Both the line below containing "Satılır 2 otaqlı" and the line containing "Bubur Ayam cabang Kranggan, kalisari", along with every line between them, should be repeated exactly; no other line belongs in the answer.

*** Records to process Section Begins ***

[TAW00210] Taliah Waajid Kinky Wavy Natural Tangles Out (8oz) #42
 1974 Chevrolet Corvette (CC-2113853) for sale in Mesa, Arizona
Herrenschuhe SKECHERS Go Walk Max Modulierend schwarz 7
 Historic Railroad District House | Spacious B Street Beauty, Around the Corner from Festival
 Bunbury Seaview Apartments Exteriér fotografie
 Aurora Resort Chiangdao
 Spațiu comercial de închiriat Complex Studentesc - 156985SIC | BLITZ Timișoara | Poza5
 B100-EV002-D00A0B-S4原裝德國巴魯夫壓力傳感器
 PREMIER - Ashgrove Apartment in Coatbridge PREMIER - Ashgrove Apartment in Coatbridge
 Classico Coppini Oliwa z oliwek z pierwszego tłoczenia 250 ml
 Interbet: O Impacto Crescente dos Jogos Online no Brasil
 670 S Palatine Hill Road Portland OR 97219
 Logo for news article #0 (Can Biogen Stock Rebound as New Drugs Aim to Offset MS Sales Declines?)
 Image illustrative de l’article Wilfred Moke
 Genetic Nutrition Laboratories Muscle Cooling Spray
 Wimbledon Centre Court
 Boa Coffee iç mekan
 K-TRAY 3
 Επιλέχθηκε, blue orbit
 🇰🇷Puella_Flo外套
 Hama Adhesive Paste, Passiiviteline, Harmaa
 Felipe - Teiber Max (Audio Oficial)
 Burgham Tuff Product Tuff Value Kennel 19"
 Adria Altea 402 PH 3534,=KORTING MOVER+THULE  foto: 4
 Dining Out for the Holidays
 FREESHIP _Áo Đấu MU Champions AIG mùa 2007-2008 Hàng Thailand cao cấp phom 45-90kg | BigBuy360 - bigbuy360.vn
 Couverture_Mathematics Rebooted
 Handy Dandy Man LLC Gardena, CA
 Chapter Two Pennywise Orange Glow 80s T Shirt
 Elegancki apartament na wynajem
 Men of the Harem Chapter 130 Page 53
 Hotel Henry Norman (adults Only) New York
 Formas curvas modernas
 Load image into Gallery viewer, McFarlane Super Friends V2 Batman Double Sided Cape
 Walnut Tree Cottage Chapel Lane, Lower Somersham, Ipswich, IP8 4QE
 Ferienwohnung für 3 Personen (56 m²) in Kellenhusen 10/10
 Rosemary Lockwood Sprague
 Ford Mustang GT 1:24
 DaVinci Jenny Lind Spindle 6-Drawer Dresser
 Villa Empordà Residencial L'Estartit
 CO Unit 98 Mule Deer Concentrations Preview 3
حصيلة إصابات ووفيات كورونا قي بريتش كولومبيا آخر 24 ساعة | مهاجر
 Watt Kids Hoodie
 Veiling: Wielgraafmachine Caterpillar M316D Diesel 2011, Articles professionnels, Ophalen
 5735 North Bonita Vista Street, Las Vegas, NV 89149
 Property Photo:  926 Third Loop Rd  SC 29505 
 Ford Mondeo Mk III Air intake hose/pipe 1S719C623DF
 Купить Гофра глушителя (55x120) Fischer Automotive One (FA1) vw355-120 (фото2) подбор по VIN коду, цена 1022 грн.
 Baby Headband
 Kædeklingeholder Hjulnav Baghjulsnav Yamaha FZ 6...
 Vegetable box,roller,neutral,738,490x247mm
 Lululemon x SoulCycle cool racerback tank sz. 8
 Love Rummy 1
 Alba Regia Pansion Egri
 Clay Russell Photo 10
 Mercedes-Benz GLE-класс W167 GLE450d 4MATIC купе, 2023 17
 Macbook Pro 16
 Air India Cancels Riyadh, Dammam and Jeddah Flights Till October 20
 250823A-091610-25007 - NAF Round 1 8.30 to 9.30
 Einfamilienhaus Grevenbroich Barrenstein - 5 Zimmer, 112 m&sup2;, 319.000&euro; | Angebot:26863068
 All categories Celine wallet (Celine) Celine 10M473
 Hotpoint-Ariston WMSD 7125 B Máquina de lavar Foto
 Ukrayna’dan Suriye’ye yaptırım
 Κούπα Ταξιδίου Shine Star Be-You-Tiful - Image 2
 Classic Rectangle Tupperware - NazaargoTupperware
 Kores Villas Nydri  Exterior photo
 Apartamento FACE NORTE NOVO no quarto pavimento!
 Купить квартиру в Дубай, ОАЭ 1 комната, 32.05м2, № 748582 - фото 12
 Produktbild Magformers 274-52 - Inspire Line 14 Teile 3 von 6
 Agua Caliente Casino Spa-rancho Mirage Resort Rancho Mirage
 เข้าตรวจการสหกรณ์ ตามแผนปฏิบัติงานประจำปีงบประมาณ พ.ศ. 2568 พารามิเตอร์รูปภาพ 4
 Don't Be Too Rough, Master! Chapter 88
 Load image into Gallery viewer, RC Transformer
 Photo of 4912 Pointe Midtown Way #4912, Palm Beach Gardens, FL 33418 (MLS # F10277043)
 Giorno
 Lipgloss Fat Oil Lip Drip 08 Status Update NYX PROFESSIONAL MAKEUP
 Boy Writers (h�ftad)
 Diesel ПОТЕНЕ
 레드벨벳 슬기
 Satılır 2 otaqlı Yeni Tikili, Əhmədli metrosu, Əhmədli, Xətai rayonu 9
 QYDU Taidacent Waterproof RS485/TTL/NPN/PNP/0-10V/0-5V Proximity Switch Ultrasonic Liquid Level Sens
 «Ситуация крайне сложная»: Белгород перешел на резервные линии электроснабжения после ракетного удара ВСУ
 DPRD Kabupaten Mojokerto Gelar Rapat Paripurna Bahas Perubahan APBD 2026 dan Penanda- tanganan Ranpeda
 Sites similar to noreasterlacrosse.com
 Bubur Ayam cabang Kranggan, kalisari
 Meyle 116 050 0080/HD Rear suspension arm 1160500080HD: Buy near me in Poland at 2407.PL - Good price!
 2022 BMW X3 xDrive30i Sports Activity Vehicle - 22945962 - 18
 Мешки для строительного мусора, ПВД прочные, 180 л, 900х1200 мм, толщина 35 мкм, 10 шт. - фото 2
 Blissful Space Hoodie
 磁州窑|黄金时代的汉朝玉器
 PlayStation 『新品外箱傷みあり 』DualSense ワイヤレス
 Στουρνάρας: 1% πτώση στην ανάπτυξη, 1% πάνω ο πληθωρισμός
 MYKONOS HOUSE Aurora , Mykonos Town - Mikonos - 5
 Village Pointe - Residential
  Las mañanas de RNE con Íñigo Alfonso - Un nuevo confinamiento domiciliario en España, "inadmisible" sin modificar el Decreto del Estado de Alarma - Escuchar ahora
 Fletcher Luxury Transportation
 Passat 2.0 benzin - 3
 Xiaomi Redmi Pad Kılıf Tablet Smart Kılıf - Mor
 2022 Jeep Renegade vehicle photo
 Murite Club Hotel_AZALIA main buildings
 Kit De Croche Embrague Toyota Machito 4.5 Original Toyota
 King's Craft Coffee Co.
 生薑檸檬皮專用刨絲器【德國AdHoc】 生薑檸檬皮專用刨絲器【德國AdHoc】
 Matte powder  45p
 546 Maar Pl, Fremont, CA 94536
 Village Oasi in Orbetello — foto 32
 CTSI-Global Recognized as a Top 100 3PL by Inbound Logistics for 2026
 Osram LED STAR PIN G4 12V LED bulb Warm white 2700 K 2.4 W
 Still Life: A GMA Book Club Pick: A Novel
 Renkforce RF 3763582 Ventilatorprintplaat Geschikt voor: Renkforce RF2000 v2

*** Records to process Section Ends ***

## [Response to the task]
 Satılır 2 otaqlı Yeni Tikili, Əhmədli metrosu, Əhmədli, Xətai rayonu 9
 QYDU Taidacent Waterproof RS485/TTL/NPN/PNP/0-10V/0-5V Proximity Switch Ultrasonic Liquid Level Sens
 «Ситуация крайне сложная»: Белгород перешел на резервные линии электроснабжения после ракетного удара ВСУ
 DPRD Kabupaten Mojokerto Gelar Rapat Paripurna Bahas Perubahan APBD 2026 dan Penanda- tanganan Ranpeda
 Sites similar to noreasterlacrosse.com
 Bubur Ayam cabang Kranggan, kalisari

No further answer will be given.